◆ Given data

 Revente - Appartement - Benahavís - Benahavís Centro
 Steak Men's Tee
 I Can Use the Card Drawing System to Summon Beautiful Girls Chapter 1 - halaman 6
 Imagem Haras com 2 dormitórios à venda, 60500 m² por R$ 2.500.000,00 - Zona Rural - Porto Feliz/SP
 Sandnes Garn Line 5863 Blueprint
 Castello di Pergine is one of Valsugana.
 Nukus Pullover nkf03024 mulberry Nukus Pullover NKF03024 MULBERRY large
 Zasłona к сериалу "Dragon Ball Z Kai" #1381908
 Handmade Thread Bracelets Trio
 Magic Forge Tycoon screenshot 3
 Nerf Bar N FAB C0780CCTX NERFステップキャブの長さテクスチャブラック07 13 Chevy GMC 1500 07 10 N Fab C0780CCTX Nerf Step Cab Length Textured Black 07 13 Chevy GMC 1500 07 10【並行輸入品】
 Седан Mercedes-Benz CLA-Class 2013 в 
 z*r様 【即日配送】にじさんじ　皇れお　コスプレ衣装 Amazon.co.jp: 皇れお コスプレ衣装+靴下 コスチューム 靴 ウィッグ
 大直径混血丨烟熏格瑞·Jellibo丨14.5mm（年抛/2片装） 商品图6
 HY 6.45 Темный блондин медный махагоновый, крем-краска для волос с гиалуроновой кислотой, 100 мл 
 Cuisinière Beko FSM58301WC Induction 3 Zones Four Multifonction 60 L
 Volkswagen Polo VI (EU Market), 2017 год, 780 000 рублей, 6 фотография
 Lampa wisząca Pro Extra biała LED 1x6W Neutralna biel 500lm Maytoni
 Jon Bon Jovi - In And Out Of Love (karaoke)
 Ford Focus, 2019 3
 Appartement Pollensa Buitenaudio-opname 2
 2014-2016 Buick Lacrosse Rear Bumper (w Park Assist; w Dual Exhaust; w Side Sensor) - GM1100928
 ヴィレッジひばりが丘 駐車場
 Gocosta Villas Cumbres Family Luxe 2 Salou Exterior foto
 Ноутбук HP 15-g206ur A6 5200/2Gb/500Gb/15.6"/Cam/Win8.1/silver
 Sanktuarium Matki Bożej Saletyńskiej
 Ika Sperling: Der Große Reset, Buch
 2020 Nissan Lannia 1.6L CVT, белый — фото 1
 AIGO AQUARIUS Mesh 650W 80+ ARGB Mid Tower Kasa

◆ Task statement
Could you copy every line in the records that holds "Appartement"?

◆ Answer section
 Revente - Appartement - Benahavís - Benahavís Centro
 Appartement Pollensa Buitenaudio-opname 2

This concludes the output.